• **Exercise details**:
Below are some records. Return exactly the lines from the one containing "صورة سلم تلسكوبي" through the one containing "Vue des tables d&#39;appoint métal et bois", both included, and only those.

• **Data provided**:

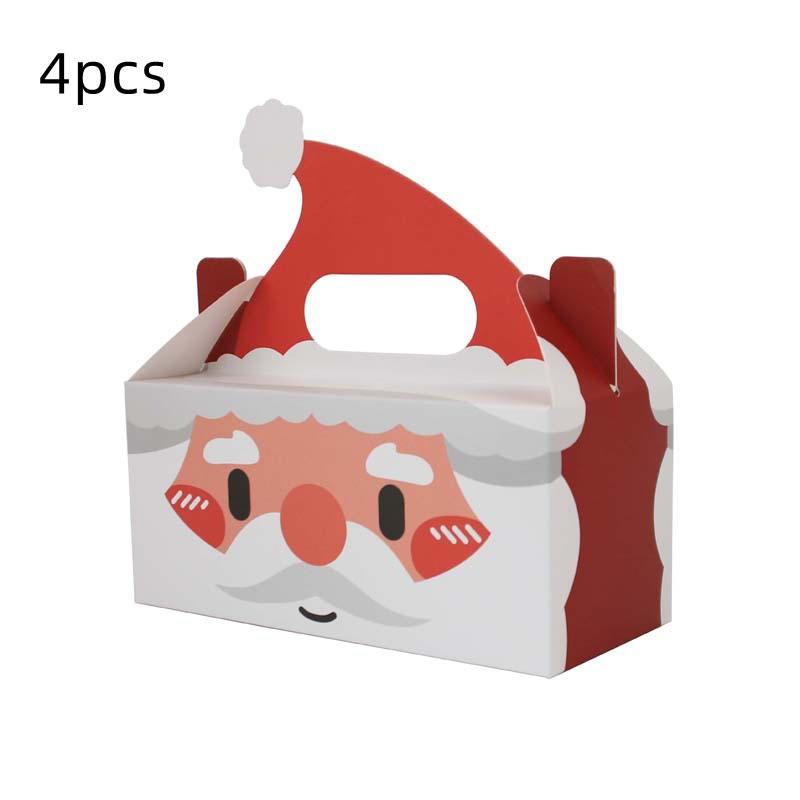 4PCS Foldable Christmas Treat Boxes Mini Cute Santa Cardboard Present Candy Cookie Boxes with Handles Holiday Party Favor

...

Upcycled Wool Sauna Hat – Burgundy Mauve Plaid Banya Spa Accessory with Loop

--

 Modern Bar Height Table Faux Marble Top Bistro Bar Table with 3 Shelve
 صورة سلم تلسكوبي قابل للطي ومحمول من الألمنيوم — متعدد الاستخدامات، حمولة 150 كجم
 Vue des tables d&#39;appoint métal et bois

• **Task output**:
 صورة سلم تلسكوبي قابل للطي ومحمول من الألمنيوم — متعدد الاستخدامات، حمولة 150 كجم
 Vue des tables d&#39;appoint métal et bois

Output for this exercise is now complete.